Displaying any detail screen with data in it (especially a system with 600K to millions of records)

High

Industry standard

Displaying lists of objects or records, and pagination (especially a system with 600K to millions of records)

High

Industry standard

General navigation (e.g., moving from tab to tab)

High

Industry standard

Searching (especially a system with 600K to millions of records)

High

Industry standard though museum professional users might be more forgiving

Data entry on data entry screens (object, procedural, authorities, admin)

High

Industry standard, including fast tabbing from field to field

Saving data entered on data entry screens

High

Industry standard

Updating and saving data on data entry screens

High

Industry standard

Entering, updating, and saving relationships among things

High

Industry standard

Uploading media, including any processing done by the system

Lower

Museum standard? Experience of museum users with current systems might encourage patience

Importing data

Lower

Museum standard? Experience of museum users with current systems might encourage patience

Exporting data

Lower

Museum standard? Experience of museum users with current systems might encourage patience

Running a report

Lower

Museum standard? Experience of museum users with current systems might encourage patience

Response to RESTful interoperability calls

Lower

Museum standard? Experience of museum users with current systems might encourage patience

Bulk media upload

Lower

Museum standard? Experience of museum users with current systems might encourage patience

Displaying media housed in other systems

Lower

Museum standard? Experience of museum users with current systems might encourage patience

Performing batch updates

Lower

Museum standard? Experience of museum users with current systems might encourage patience

Regarding industry standard expectations for basic page loads, Aron provided this useful information:

An IT and marketing consultancy, Forrester Consulting, found in 2009 that for websites aimed at mass market consumers, 2 seconds is the expected wait time for page load, and that load times exceeding 3 seconds will adversely impact the usage experience of at least a large minority of consumers. 

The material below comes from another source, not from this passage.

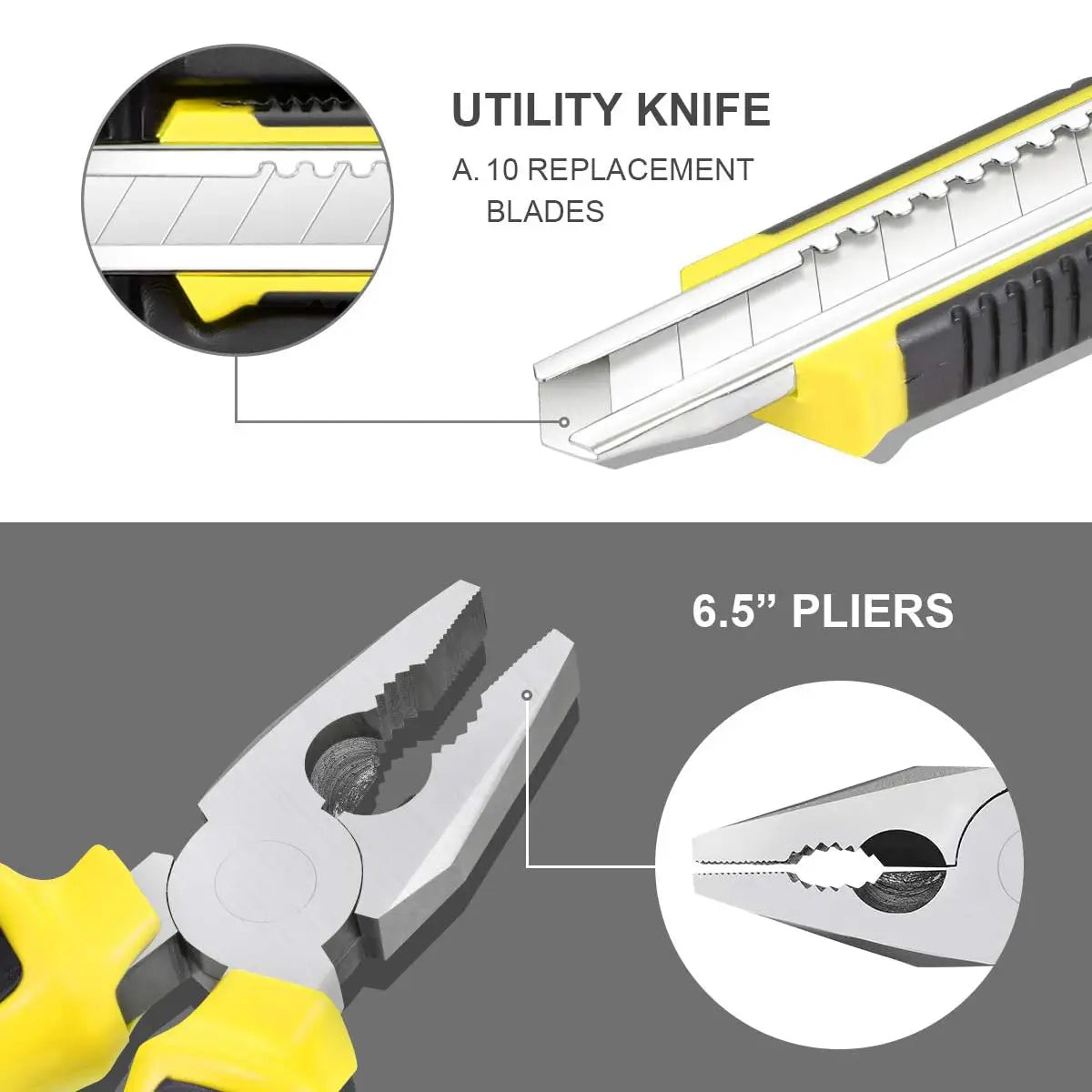Cuchillo multiusos retráctil de hoja amarilla y negra con 10 hojas de repuesto incluidas, del conjunto de herramientas manuales domésticas Wozobuy con estuche de almacenamiento.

"Two seconds is the new threshold in terms of an average online shopper's expectation for a webpage to load, and 40% of shoppers will wait no more than three seconds before abandoning a retail site, according to a new study conducted by Forrester Consulting on behalf of Akamai Technologies."

Performance is also heavily impacted by data volumes.

Use Cases

  • No labels

2 Comments

  1. Moving Image CMS – performance stats (unofficial)

    Login: 2s

    Search returning <10,000 results: 2s
    Search returning 10,000-20,000 results: 4s
    Search returning 20,000-30,000 results: 6s
    Search for all (star): 25s

    Search result to object record: 1s
    Object record to next object record: 1s
    Tabs w/in object record: 1s

    Search for authority term w/in object record: 1s

    Upload media 5MB: 3s
    Upload media 25MB: 17s
    Upload media 100+MB: 75s

    (Larger images double for processing time)

  2. Hearst Museum CMS — performance stats (unofficial)

    All tests run on 8/4/2010 on a Windoze XP (Core 2 duo, E6750, 2.67 GHz, 3.25 GB).
    Gigabit Cat. 5 connectivity. Network speed during testing periods average 65.98 Mb D/L, 39.01 Mb U/L (range 42.47–89.33 D/L, 26.42–52.64 U/L).

    Tests repeated at three times during day (high CMS usage, low-moderate CMS usage, zero-low CMS usage); all values included in an effort to capture typical performance of the CMS.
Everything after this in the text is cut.